Is it really GONE gone?

Have you ever wondered what actually happens to the alcohol you cook with? When it just "evaporates" into thin air, and your tipsy treat turns into a mellow meal?

That didn't exactly sound how I had hoped. It made the later dish sound boring...something it most certainly is not! I have made some of the most delicious sauces by adding just a touch of white wine. Or gravy! Don't even get me started with the turkey gravy my uncle made a few thanksgivings past. I still remember that gravy.

But I digress.

I do wonder what happens to that alcohol. Which is why I am on a mission to find out. Walk with me for a bit.
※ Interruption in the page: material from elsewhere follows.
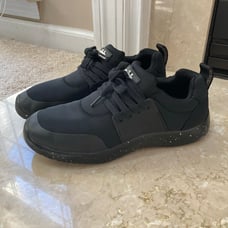 Snibbs Men’s SpaceCloud Work Sneakers in Black, Size 9, EUC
I found that my answer was not far from my grasp. In fact, the first time I typed "does alcohol evaporate when you cook it?" into my search bar, I was immediately brought to this chart, courtesy of http://www.betterendings.org/Recipes/cookal.htm:

PREPARATION METHOD

Alcohol
Retained

No heat application, immediate consumption

100%

No heat application, overnight storage

70%

Alcohol ingredient added to boiling liquid, and removed from heat

85%

Flamed

75%

Baked, approximately 25 minutes, alcohol ingredient on surface of mixture (not stirred in)

45%

Baked/simmered, alcohol ingredient stirred into mixture

15 minutes
30 minutes
1 hour
1.5 hours
2 hours
2.5 hours




40%
35%
25%
20%
10%
5%


It doesn't get much simpler than that, so I'm not even going to try and complicate it just to sound wise in the ways of science.

In the words of Bill Nye regarding the case of the missing alcohol: "NOW YOU KNOW!"